When we started work on the design of the new LONGWAVE branded boards, we assumed from the beginning that activities would take place in two areas. One concerned the design of the top, and the other concerned the trucks - the mechanical structure that enables the board to be ridden.

From Tom's design brief, it was clear that the board was to be geared towards landsurfing, i.e. enabling a surf-like riding style. Its longer variant had the potential to be a so-called 'longboard', on which much higher speeds are usually achieved than on classic, shorter skateboards. When planning the development of the truck for the new LONGWAVE boards, we assumed a phase of testing solutions available on the market. During this phase, we noticed one common feature - all the trucks tested did not allow us to enjoy riding at higher speeds.
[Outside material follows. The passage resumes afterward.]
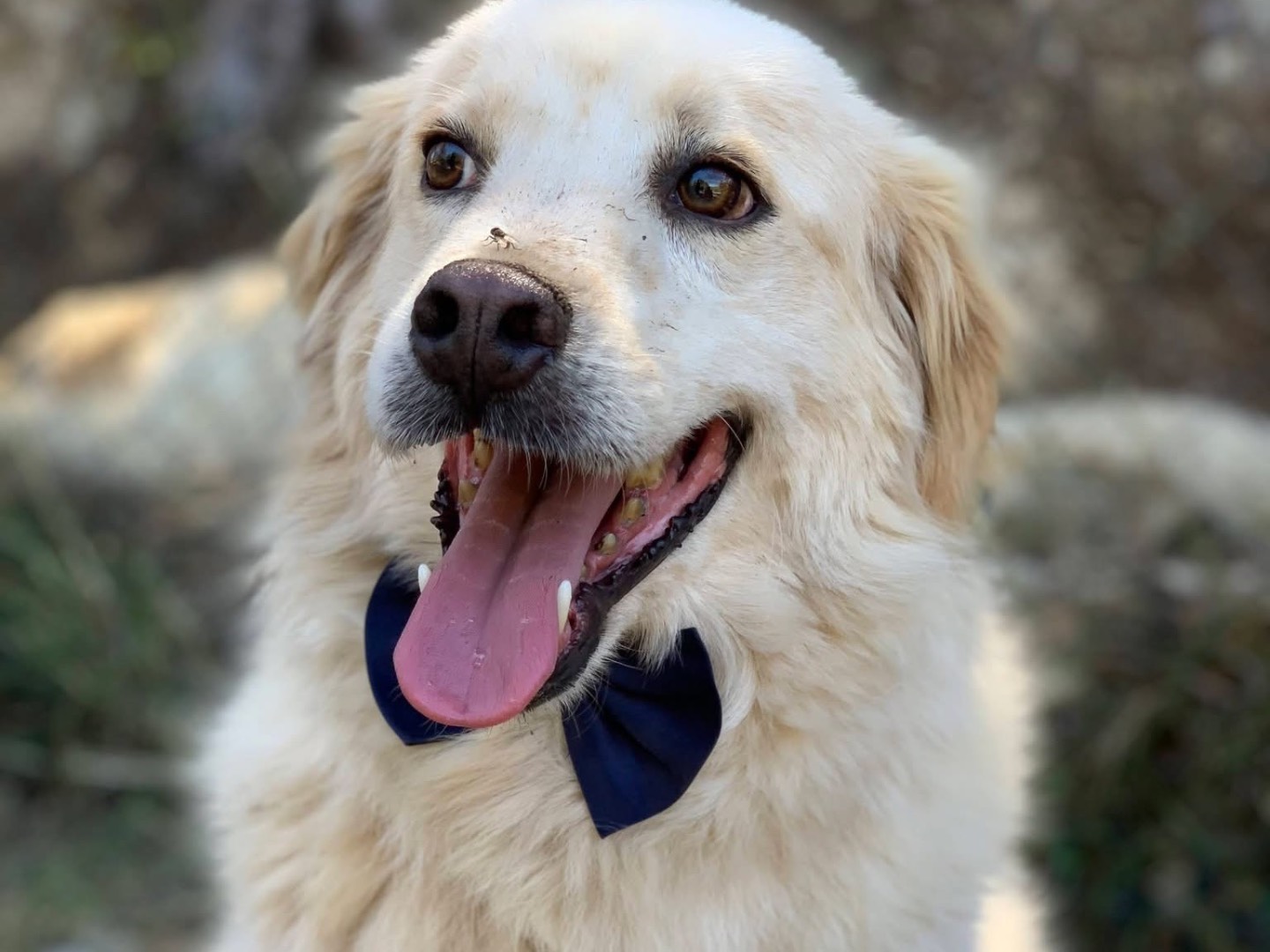 Adotta un cane, taglia media contenuta, maschio, Latina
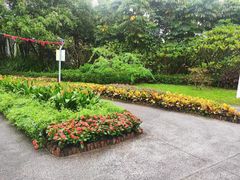 -福田红树林生态公园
This was due to their design - they were very wobbly and had a lot of twistiness. The challenge was to design the new solution in such a way that it would provide the user with more than just a reproduction of the movements typical of surfing. Our aim became to create a system that would allow the user to switch into a mode that would allow higher speeds on a suitably rigid structure.

 

TRUCK WITH TWO DRIVING MODES

The tests were successful and the results showed that a truck with two different driving modes could be designed and manufactured. Knowing this, we were able to tackle the development of the kinematics. Seeing that not everything was yet invented in this matter, we started to work on a compact solution that would integrate the spring and the new bracing method into the truck itself. The challenge was to design an easy-to-use system to switch from a landsurfing style of riding to a more static one suited to urban conditions. The lessons learned from this stage led us to the first concept that met the requirements of both riding styles.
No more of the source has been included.